Delete fields (columns) from streamed resources

delete_fields accepts a list of resources and list of fields to remove

Note: if multiple resources provided, all of them should contain all fields to delete

Parameters:

Examples:

Deleting country_name and census_2000 columns from world_population resource:

- run: delete_fields
  parameters:
    resources: world_population
    fields:
      - country_name
      - census_2000

add_computed_field

Add field(s) to streamed resources

add_computed_field accepts a list of resources and fields to add to existing resource.

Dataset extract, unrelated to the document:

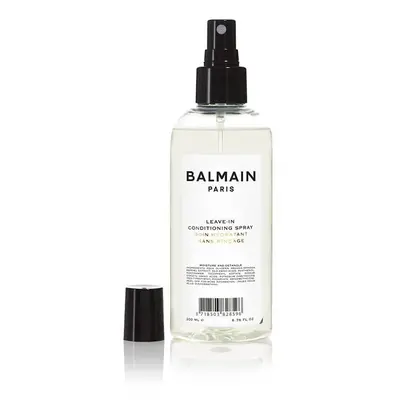 Balmain Bezoplachový kondicionér ve spreji (Leave-in Conditioning Spray) 200 ml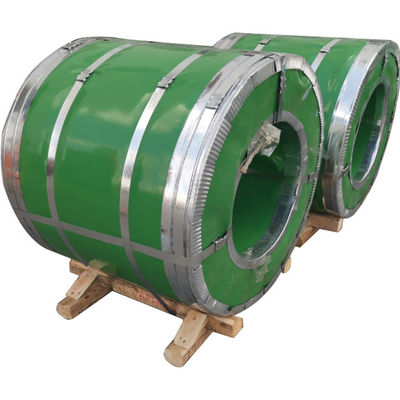 БА поверхностное Tisco Posco Baosteel катушка нержавеющей стали TP 316L SUS 316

It will output the rows for each resource with new field(s) (columns) in it. add_computed_field allows to perform various operations before inserting value into targeted field.

Parameters:

Examples:

Following example adds 4 new field to salaries resource

run: add_computed_field
parameters:
  resources: salaries
  fields:
    -
      operation: sum
      target: total
      source:
        - jan
        - feb
        - may
    -
      operation: avg
      target: average
      source:
        - jan
        - feb
        - may
    -
      operation: format
      target: full_name
      with: '{first_name} {last_name}'
    -
      operation: constant
      target: status
      with: single

We have one resource (salaries) with data that looks like:

first_name last_name jan feb mar
John Doe 100 200 300
...

The resulting dataset could look like:

first_name last_name last_name jan feb mar average total status
John Doe John Doe 100 200 300 200 600 single
...

find_replace

find and replace string or pattern from field(s) values

Parameters:

Examples:

Following example replaces field values using regular expression and exact string patterns

run: find_replace
parameters:
  resources: dates
  fields:
    -
      name: year
      patterns:
        -
          find: ([0-9]{4})( \(\w+\))
          replace: \1
    -
      name: quarter
      patterns:
        -
          find: Q1
          replace: '03-31'
        -
          find: Q2
          replace: '06-31'
        -
          find: Q3
          replace: '09-30'
        -
          find: Q4
          replace: '12-31'

We have one resource (dates) with data that looks like:

year quarter
2000 (1) 2000-Q1
...

The resulting dataset could look like:

year quarter
2000 2000-03-31
...

unpivot

Unpivots, transposes tabular data so that there's only one record per row.

Parameters:

Examples:

Following example will unpivot data into 3 new fields: year, direction and amount

parameters:
  resources: balance
  extraKeyFields:
    -
      name: year
      type: integer
    -
      name: direction
      type: string
      constraints:
        enum:
          - In
          - Out
  extraValueField:
      name: amount
      type: number
  unpivot:
    -
      name: 2015 incomes
      keys:
        year: 2015
        direction: In
    -
      name: 2015 expenses
      keys:
        year: 2015
        direction: Out
    -
      name: 2016 incomes
      keys:
        year: 2016
        direction: In
    -
      name: 2016 expenses
      keys:
        year: 2016
        direction: Out

We have one resource (balance) with data that looks like:

company 2015 incomes 2015 expenses 2016 incomes 2016 expenses
Inc 1000 900 2000 1700
Org 2000 800 3000 2000
...

The resulting dataset could look like:

company year direction amount
Inc 2015 In 1000
Inc 2015 Out 900
Inc 2016 In 2000
Inc 2016 Out 1700
Org 2015 In 2000
Org 2015 Out 800
Org 2016 In 3000
Org 2016 Out 2000
...

Similar result can be accomplished by defining regular expressions instead of constant values

parameters:
  resources: balance
  extraKeyFields:
    -
      name: year
      type: integer
    -
      name: direction
      type: string
      constraints:
        enum:
          - In
          - Out
  extraValueField:
      name: amount
      type: number
  unpivot:
    -
      name: ([0-9]{4}) (\\w+)  # regex for original column
      keys:
        year: \\1  # First member of group from above
        direction: \\2  # Second member of group from above

dump_to_sql

Saves the datapackage to an SQL database.

Parameters:

dump_to_path

Saves the datapackage to a filesystem path.

Parameters:

dump_to_zip

Saves the datapackage to a zipped archive.

Parameters:

Deprecated Processors

These processors will be removed in the next major version.

add_metadata

Alias for update_package, is kept for backward compatibility reasons.

add_resource

Adds a new external tabular resource to the data-package.

Parameters:

You should provide a name and url attributes, and other optional attributes as defined in the spec.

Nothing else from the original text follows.